Since about 20% of US electricity is produced by entities below the threshold, it makes the bill "less aggressive" in driving renewable energy production, said Jack Ihle, Washington-based associate director of climate change and clean energy for energy market information firm IHS Inc.

The momentum for a federal RES after years of stalled efforts in Congress bodes well for the renewable energy sector, said Gabriel Alonso, CEO of Horizon Power Wind Energy in Houston, Texas. "I'm confident we will have a RES that will make a difference in the near future," he said.

But the federal targets are seen by renewable energy developers as insufficient to spur significant demand beyond that which is already driven by state mandates. "Some states already have more aggressive goals than [the federal RES bills] so the higher the better," said Pat Agudow, vice-president of administration and policy management for solar product supplier Opel International in Shelton, Connecticut.

Congress should encourage renewable energy development in US regions without standards, specifically the south-east, while doing nothing to discourage the states that already have mandates, either through pre-emption or an adverse interaction with carbon legislation, said John Geesman, co-chairman of the board of directors of the American Council on Renewable Energy in Washington, DC.

"That's a difficult legal balance," he said. "But I think if you look at most of the states with aggressive [renewable portfolio standard] programmes, there's less interest in the positive side of federal legislation and more apprehension of the potential negative effect."

The House bill clarifies that US states can implement feed-in tariffs, a mechanism designed to encourage renewable energy development by requiring utilities to purchase energy generated by renewables at above-market rates set by the government.
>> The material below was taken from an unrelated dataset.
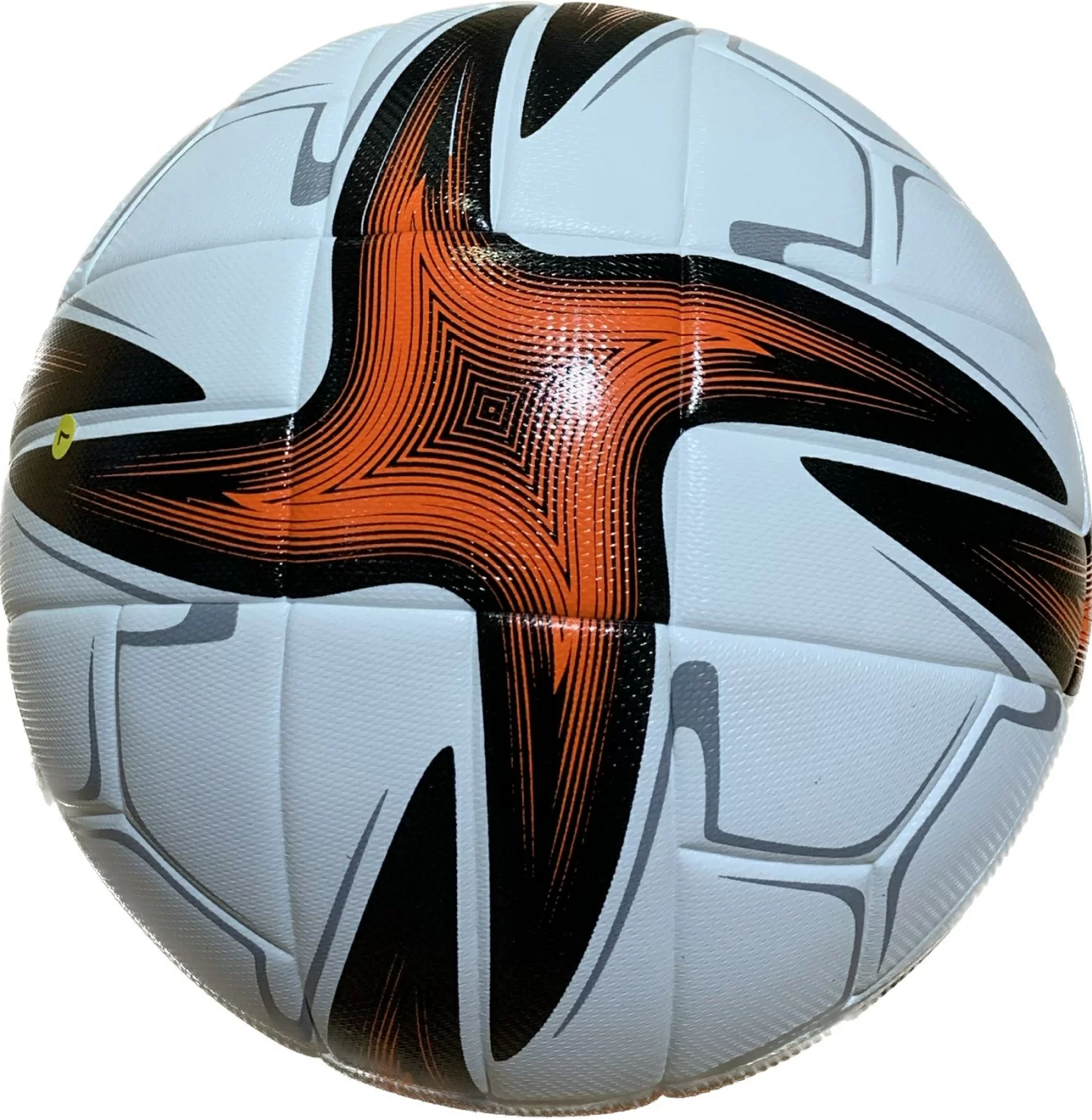 Фото Мяч футбольный Conext оранжевый р.5 НФ-00001070 со склада магазина СпортСЕ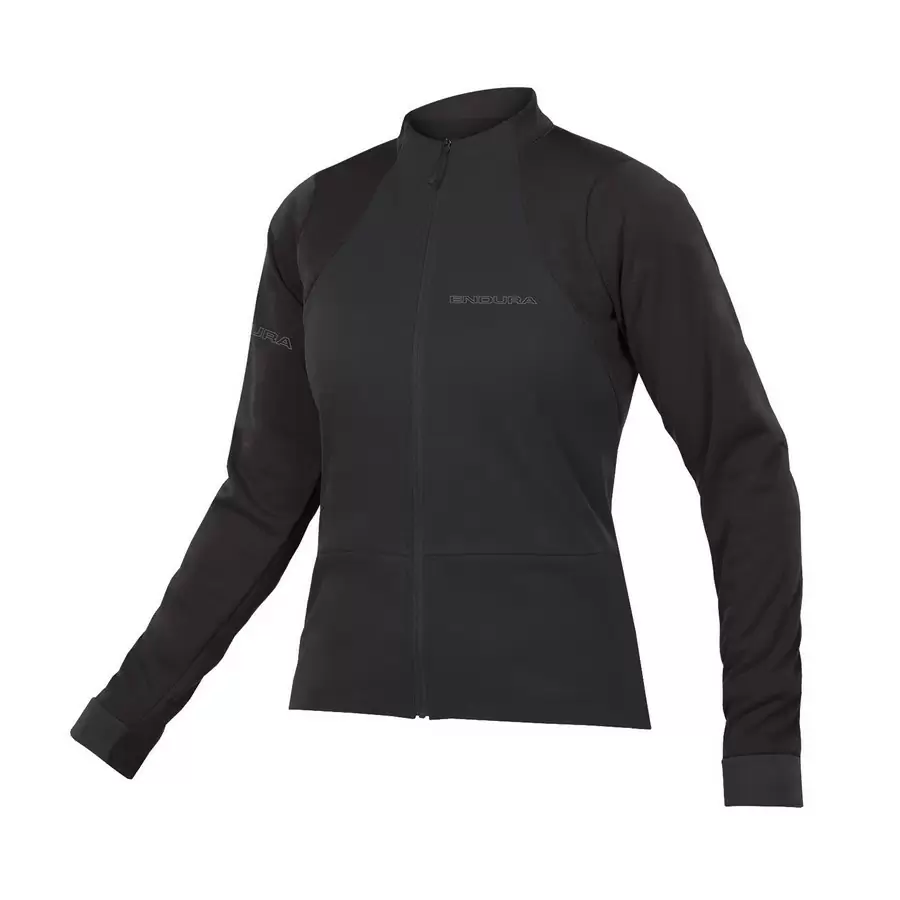 Maglia a Maniche Lunghe GV500 L/S Jersey Donna Black taglia L - image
Since the House has adopted the RES with the feed-in tariff, the Senate will be lobbied heavily to include it in its bill, Agudow said. California adopted a feed-in tariff in 2008 to support the development of up to 480MW of renewable generating capacity from small facilities while other states are considering implementing tariffs.

The feed-in tariff provides guaranteed rates of return for long periods of time and requires the least amount of up-front capital from the government, but can be vulnerable to fraud if the programmes are improperly structured, said Frank Middleton, vice-president of marketing for Opel. "The feed-in tariff is the one we're favouring the most because we've seen how well it's worked in Europe," he said. "It's not the perfect model, but it's probably the best model we know of."